Monday, October 30, 2006

Sem precisões


Sem nenhuma convicção, você vai acordando e escuta ao longe uma gargalhada. Neste instante se dá conta de que ainda está neste mundo e do quão esquisito é o ser humano. Pense no quanto é estranha a gargalhada! Mais estranha ainda é esta palavra que em nossa língua nomeia o ato, com raiz proveniente de gargarejo, ou melhor, do som de gargarejar. A gargalhada é mais antiga do que o ato consciente de gargarejar para limpar a voz ou a garganta. Então, depois de tanto gargalhar, o ancestral português gargarejou e chamou de gargalhada o ato de morrer de rir dos outros ou de si mesmo (algo, aliás, bastante recomendável). Tudo esquisitice! Mas, esquisitice mor é acordar pensando nestas coisas só porque se ouviu uma gargalhada perdida na manhã de um certo domingo em que se tem de sair para eleger o Presidente da República.
Não desanime. Você está obrigado a acordar porque viver é preciso. Navegar é que não deve ser preciso. Se você resolve conduzir a vida com muita precisão corre o risco de asfixiá-la. Tome cuidado com as rotinas e com as obrigatoriedades, formas de precisão. Tome cuidado com as manias e principalmente com tudo que lhe seja imposto com rigor e determinação.
O voto é obrigatório. Como fazer, então, se há restrições a todos os candidatos? O problema reside na obrigatoriedade de votar, ou seja, na precisão, na exatidão de conduta cívica que lhe é exigida. Absurda é a lei que dá peso idêntico ao voto em branco e ao voto nulo. Se o voto é obrigatório, o nulo deveria ser considerado uma opção. E, assim sendo, os votos nulos não seriam deduzidos para a obtenção dos votos válidos. Deduzir-se-iam tão somente os brancos. Este seria o critério mais respeitoso à liberdade de cidadania.
Mas, o tema aqui não era a cidadania nem era o voto. Ou era? O tema era a gargalhada? Era o ser humano? Era a rigidez das precisões? Sei lá... O tema é sempre a vida, incluídas a cidadania, a estupidez, as precisões... Incluídos o gargarejo e a gargalhada. O tema pode ser toda sorte de condutas inventadas pelo homem. Tomar remédio para dormir e para acordar, pensar de forma binária, eleger líderes, mandar, obedecer, bajular, criar regras e a mania de seguí-las com renitente rigidez.
Quem será mais sábio? O velho que se confina na rotina e se ajusta no seu lugar, seguindo os padrões sociais exigíveis ou o velho (mais provavelmente a velha) que, no alheamento da demência, se rebela, se nega a tomar banho, repele a lavanda pós-banho e pede urgência para o juízo final?
Oh, que falta nos faz uma natural predisposição para a liberdade! Que falta nos faz vocação inata para nos reinventar, assim como natural, embora esquisito, é o ato incontrolável de gargalhar.

3 comments:

CarpeDiemBeHappy said...

Olá,
Vim aqui agradecer a tua visita ao meu blog.

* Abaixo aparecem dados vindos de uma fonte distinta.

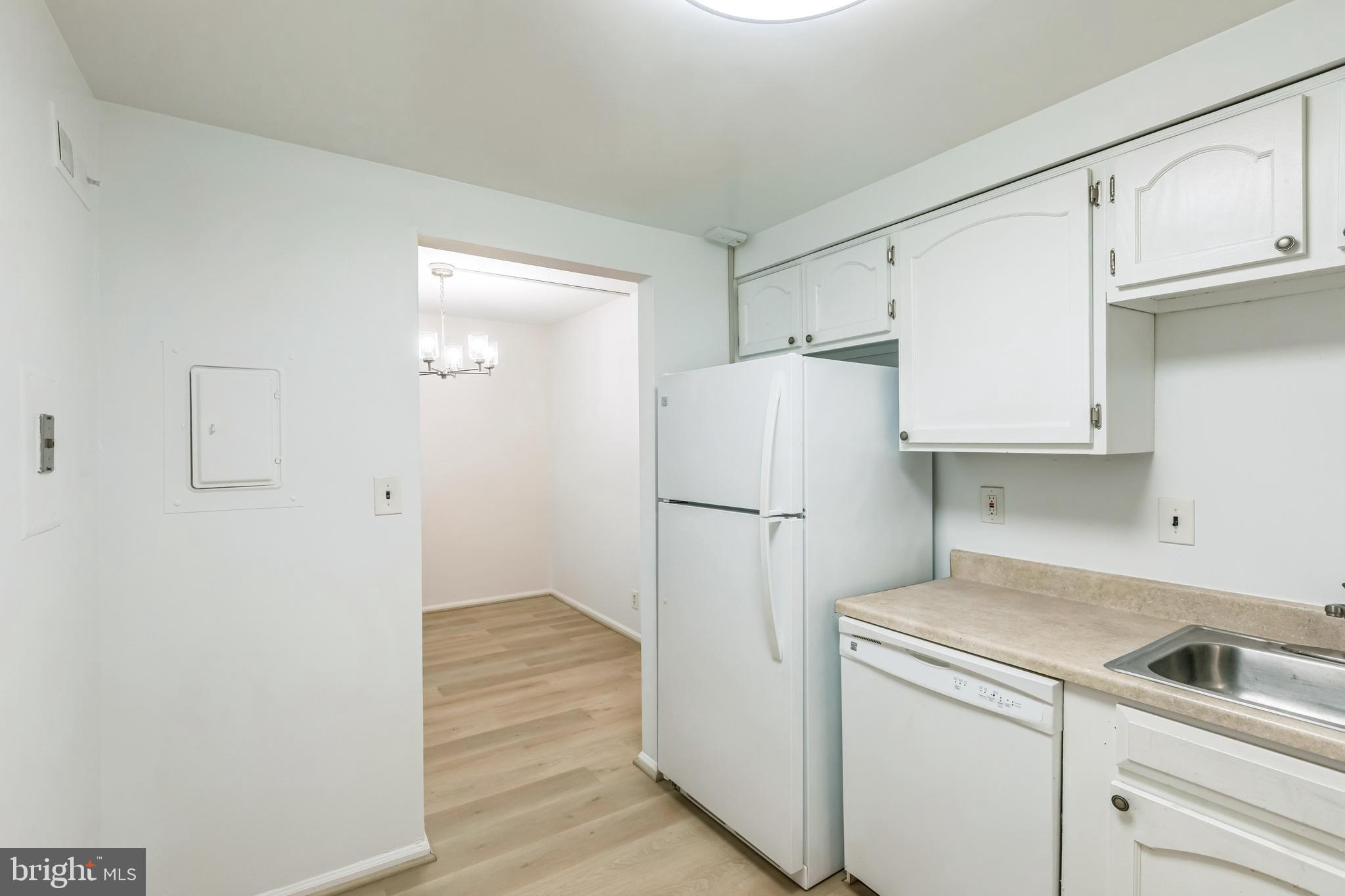 THE COLONIES - Residential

Uma boa gargalhada é sempre bem vinda e sabe bem dar gargalhadas, nem que não seja pelos motivos mais estranhos e caricatos que nos aparecem pela vida fora. Pelo que escreves aqui realmente só com uma boa gargalhada é que se vai levando esta vida.

Pelo menos ainda temos a liberdade de dar uma boa gargalhada!:)

Beijo

Anonymous said...

Oi mãe,
não tinha lido esse seu texto, muito bom, como todos os outros... vamos publicar um livro seu mãe!? Essa será uma tarefa para daqui algum tempo, viu.
É muito difícil exercer a liberdade, feliz da criança, que pode andar de calcinha no meio da rua, que dança em qualquer lugar, feliz da Maricota :)

Comba Marques Porto said...

O bom da liberdade da criança é que ninguém concede. É uma liberdade que se exerce e pronto. Porque é fruto da espontaneidade que, infelizmente, a gente vai perdendo enquanto reprime a criança que há em nós.